Peking University, July 9, 2026: Professor Ma Siwei of the School of Computer Science, Peking University has won the Second Prize of the National Scientific and Technological Progress Award for his team’s work on Audio Video Coding Standard (AVS). It has become China’s home-grown ultra-HD video compression standard, which now underpins broadcasts from China Central Television (CCTV) to the Olympics Games
Ma’s project built an integrated industrial ecosystem, linking front-end acquisition, mid-end encoding and transmission, and back-end display and presentation, in partnership with companies including DJI and BOE Technology.
Professor Ma Siwei
The journey to this recognition was long and arduous. Ma pointed out that China independently developed the VCD player in 1992. China's manufacturing base for VCD and DVD players grew rapidly and cheaply. But the country had missed the window to secure patent protection for the underlying technology, and only joined the International Organization for Standardization in 1996, by which point other countries had already completed the foundational work. As a result, Chinese manufacturers had to pay licensing fees to a scattered group of foreign patent holders, some of whom pushed for higher returns. Patent fees were as high as $25 per DVD device, leaving Chinese manufacturers with razor-thin margins. “We don’t have the core patent technology, which is the biggest problem,” Ma said.

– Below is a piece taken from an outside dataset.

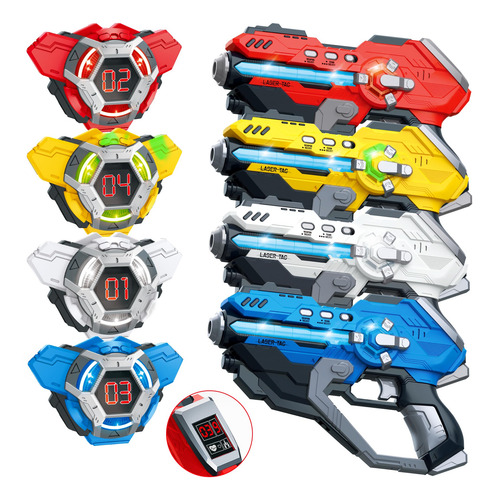 Conjunto De Pistolas Laser Tag Ivoxex Com Coletes Digitais D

"At the time, people questioned whether we could even set our own technical standard," Ma said. The first generation of AVS faced especially severe broadcast-quality testing requirements, and Ma recalled working through the night to prepare test data ahead of his PhD defense in 2005. Although the standard was approved as a national standard in 2006, it did not see widespread commercial adoption until 2012, a full decade after the work began. "If you stop halfway, you get no results at all,” he said.
That hard work has since paid off. AVS-powered 4K broadcasting was used for China's 70th anniversary celebrations in 2019, and 8K channels have become standard at CCTV and Beijing Television since 2021. At the 2024 Paris Olympics, a CCTV outside broadcast vehicle built on AVS3 technology drove past the Arc de Triomphe, drawing extensive coverage from French and European media. The standard has since been folded into the DVB framework used in European broadcasting, putting Chinese-made AVS equipment on display floors across the continent.
The road to innovation never ends. Looking ahead, Ma sees the next leap for AVS coming from generative AI. Traditional coding works at the level of pixels and blocks, but AI generation models can represent video with text and images, potentially achieving compression ratios many times greater than current methods allow. AVS4 is already exploring this "generative coding" pathway, he said. Major platforms such as Alibaba have become active partners, given their urgent need for more efficient video storage at scale.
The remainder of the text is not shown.